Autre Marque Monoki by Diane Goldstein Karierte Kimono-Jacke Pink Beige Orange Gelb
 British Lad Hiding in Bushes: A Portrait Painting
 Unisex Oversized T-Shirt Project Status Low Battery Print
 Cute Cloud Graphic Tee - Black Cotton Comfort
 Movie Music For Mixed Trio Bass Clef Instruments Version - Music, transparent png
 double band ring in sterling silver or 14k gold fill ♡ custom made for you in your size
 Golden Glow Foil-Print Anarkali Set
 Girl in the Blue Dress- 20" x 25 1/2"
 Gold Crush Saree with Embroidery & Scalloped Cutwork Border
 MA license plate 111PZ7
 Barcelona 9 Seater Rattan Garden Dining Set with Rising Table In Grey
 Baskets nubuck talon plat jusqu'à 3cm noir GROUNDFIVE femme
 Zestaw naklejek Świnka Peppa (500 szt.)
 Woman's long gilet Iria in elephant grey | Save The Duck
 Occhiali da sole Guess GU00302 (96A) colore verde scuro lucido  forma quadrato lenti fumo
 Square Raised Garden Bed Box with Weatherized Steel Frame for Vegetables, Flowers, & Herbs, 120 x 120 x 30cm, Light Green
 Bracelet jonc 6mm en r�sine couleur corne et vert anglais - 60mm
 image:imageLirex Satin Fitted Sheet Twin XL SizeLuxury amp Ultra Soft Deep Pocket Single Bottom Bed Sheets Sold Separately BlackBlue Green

## Exercise:
Lines from the one containing "Occhiali da sole" through the last line of the listing are to be restated word for word; no other line may appear.

## Expected answer:
 Occhiali da sole Guess GU00302 (96A) colore verde scuro lucido  forma quadrato lenti fumo
 Square Raised Garden Bed Box with Weatherized Steel Frame for Vegetables, Flowers, & Herbs, 120 x 120 x 30cm, Light Green
 Bracelet jonc 6mm en r�sine couleur corne et vert anglais - 60mm
 image:imageLirex Satin Fitted Sheet Twin XL SizeLuxury amp Ultra Soft Deep Pocket Single Bottom Bed Sheets Sold Separately BlackBlue Green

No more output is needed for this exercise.